George Isidore Sánchez (1906–1972) was a pioneer in American educational scholarship and civil rights activism, originally from the state of New Mexico. He served on the faculty of the University of New Mexico, held several concurrent teaching, chair, and dean positions at The University of Texas at Austin, where he had earned his Masters of Educational Psychology and Spanish, from 1940 until his death. Dr. Sanchez also acted as the President of the League of United Latin American Citizens (LULAC), while spearheading several landmark civil right aimed court cases focusing on gaining equal public education rights for African, Native, and Chicano Americans and all the time maintaining an "open-door" policy at both his home on Scenic Drive and in his office at the UT Austin Education building now named in his honor. Today, he is remembered as a leading figure in the early "Mexican-American/Chicano" movement, which culminated during World War II, after heavy involvement with and collaboration between Chicano-Americans and Latin Americans through The Office of Inter-American Affairs.

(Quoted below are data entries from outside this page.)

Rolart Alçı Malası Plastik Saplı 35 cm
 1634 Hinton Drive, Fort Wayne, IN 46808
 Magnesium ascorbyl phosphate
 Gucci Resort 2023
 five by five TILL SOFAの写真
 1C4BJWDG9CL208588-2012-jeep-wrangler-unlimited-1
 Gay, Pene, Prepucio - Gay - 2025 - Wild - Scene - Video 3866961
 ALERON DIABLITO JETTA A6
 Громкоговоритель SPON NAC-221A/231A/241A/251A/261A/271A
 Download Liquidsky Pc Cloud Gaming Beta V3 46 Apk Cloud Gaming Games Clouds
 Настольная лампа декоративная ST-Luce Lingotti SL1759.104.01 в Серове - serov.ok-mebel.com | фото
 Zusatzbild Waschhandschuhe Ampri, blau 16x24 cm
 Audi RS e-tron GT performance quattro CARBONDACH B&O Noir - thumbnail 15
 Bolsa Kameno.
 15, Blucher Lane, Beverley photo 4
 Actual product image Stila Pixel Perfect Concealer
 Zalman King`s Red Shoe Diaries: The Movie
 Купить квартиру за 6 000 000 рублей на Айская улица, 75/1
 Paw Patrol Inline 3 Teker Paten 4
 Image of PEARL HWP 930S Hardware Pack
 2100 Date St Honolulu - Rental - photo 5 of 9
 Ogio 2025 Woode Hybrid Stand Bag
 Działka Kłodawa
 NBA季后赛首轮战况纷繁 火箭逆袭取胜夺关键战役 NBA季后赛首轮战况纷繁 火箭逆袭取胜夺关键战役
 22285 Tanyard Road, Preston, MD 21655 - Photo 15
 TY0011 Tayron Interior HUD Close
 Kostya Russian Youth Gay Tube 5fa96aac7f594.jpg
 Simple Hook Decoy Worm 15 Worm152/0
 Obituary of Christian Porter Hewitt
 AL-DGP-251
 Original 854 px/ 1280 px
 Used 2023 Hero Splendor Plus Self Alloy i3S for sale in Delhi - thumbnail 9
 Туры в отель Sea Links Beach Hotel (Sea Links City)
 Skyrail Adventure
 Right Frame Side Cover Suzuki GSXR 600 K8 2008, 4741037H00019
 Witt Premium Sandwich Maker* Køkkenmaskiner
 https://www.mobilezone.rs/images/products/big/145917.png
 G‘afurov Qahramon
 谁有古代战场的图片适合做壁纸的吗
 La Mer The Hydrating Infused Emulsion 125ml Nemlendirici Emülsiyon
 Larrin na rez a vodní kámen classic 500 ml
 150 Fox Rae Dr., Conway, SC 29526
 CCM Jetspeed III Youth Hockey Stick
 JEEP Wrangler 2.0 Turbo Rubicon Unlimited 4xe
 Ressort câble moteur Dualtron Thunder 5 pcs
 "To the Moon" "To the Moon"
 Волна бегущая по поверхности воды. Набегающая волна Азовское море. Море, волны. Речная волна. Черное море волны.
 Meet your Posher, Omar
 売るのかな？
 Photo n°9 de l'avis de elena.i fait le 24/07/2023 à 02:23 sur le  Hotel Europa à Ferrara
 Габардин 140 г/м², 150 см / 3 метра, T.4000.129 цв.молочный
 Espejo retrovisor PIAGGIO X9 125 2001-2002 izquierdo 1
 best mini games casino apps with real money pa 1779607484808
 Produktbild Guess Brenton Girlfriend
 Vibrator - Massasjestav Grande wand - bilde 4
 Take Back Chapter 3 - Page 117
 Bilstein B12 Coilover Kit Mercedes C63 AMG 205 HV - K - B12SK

He received his Ed.D. from the University of California at Berkeley in Educational Administration, 1934 as a Fellow of the General Education Board.

Early life

George Isidoro Sánchez y Sanchez was born on October 4, 1906 in Albuquerque, New Mexico. During his early years, his family moved between Albuquerque and Arizona, following his father's occupation as a miner of both copper and gold. The longest settled period of time George enjoyed as a child happened to be in Jerome, Arizona, now a ghost town, but at the time was known as W.C. Clark's copper mining boom town, with shipments moving hourly towards Clark County in Las Vegas Nevada. His early experiences in a notorious mining company owned town, full of constant human suffering at the hands of a single industrial capitalist may have helped shape his gift for public service in the name of the human race.

Early career

Sánchez published his best known work, Forgotten People, in 1940. This book was the first to use sociological methods to document the concerns and experiences of "New Mexicans."[1] Sánchez criticized the inclination to romanticize New Mexico and its people while at the same time ignoring the grinding poverty in the state. He also challenged the U.S. government to address the basic needs of the people, whom he said had always been loyal to the nation.

The Texas Years

Sánchez gained his greatest accolades after 1940. In that year, he accepted a position as a full professor at the University of Texas in Austin, Texas. He was the university's first professor Latin American Studies and later served as the chair of the Department of History and Philosophy.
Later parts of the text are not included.